Some experts say the virus will eventually behave more like measles,
which still causes outbreaks in populations where vaccination
coverage is low.
Others see COVID-19 becoming more a seasonal respiratory disease
such as influenza. Or, the virus could become less of a killer,
affecting mostly children, but that could take decades, some said.
Imperial College's Ferguson expects above-average deaths in the UK
from respiratory disease due to COVID-19 for the next two-to-five
years, but said it is unlikely to overwhelm health systems or
require social distancing be reimposed.
"It's going to be a gradual evolution," Ferguson said. "We're going
to be dealing with this as a more persistent virus."

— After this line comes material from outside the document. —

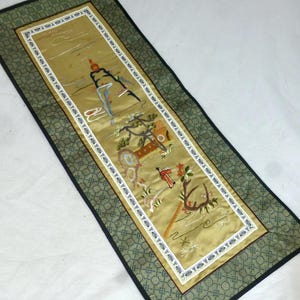 Vintage Chinese Hand Embroidered Silk Tea Garden Mountain Scene Rectangular Panel with Green Brocade Border – Textile Hanging 23 x 9.5 inch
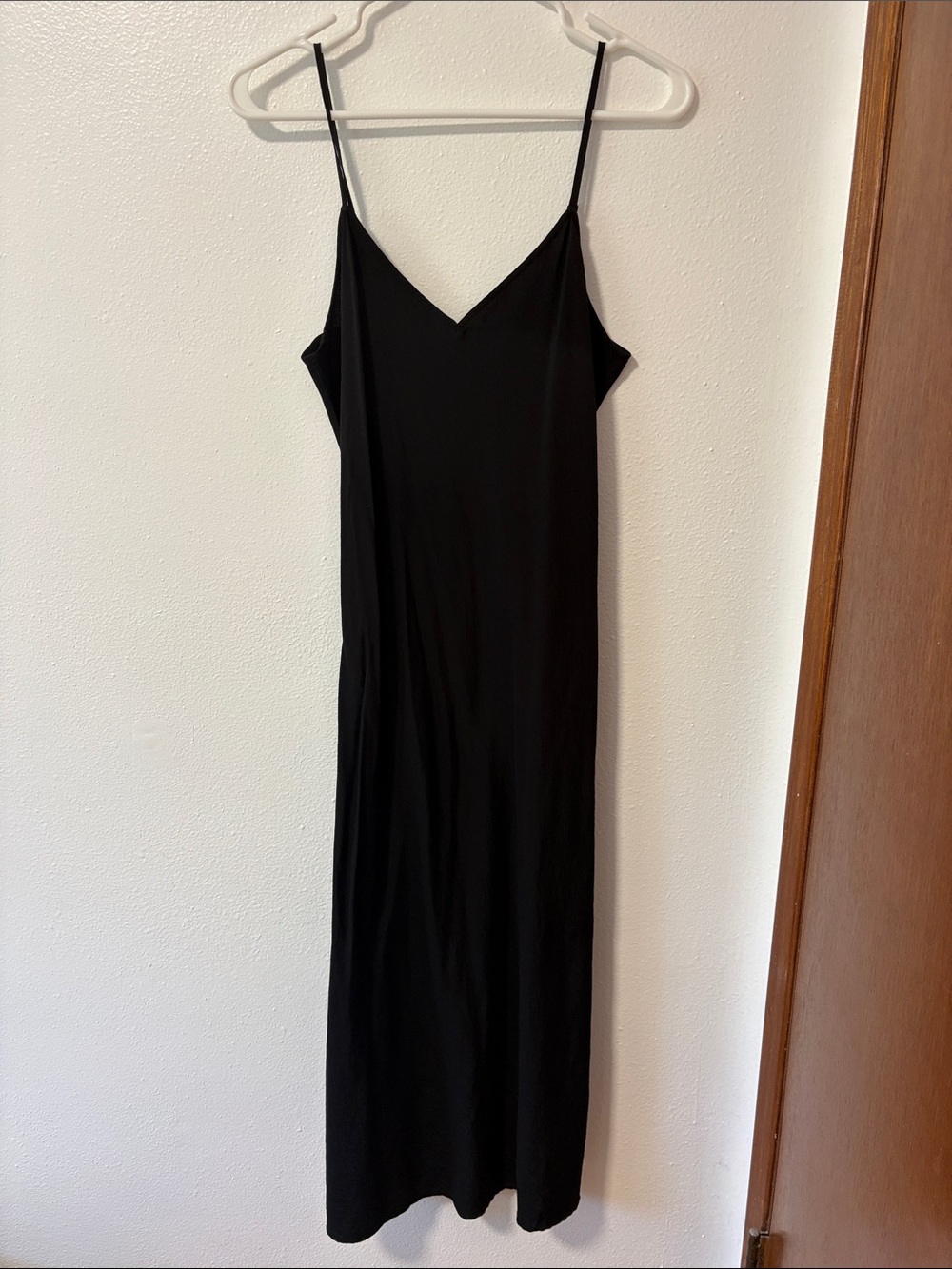 Black Slip Dress with Spaghetti Straps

Trevor Bedford, a computational virologist at Fred Hutchinson Cancer
Center who has been tracking the evolution of SARS-CoV-2, sees a
milder winter wave in the United States followed by a transition to
endemic disease in 2022-2023. He is projecting 50,000 to 100,000
U.S. COVID-19 deaths a year, on top of an estimated 30,000 annual
deaths from flu.
The virus will likely continue to mutate, requiring annual booster
shots tailored to the latest circulating variants, Bedford said.
If a seasonal COVID scenario plays out, in which the virus
circulates in tandem with the flu, both Gottlieb and Murray expect
it to have a significant impact on healthcare systems.
"It'll be an issue for hospital planners, like how do you deal with
the COVID and flu surges in winter," Murray said. "But the era of
... massive public intervention in people's lives through mandates,
that part I believe will be done after this winter surge."
Richard Hatchett, chief executive of the Coalition for Epidemic
Preparedness Innovations, said with some countries well protected by
vaccines while others have virtually none, the world remains
vulnerable.
"What keeps me up at night about COVID is the concern that we could
have a variant emerge that evades our vaccines and evades immunity
from prior infection,” Hatchett said. “That would be like a new
COVID pandemic emerging even while we're still in the old one."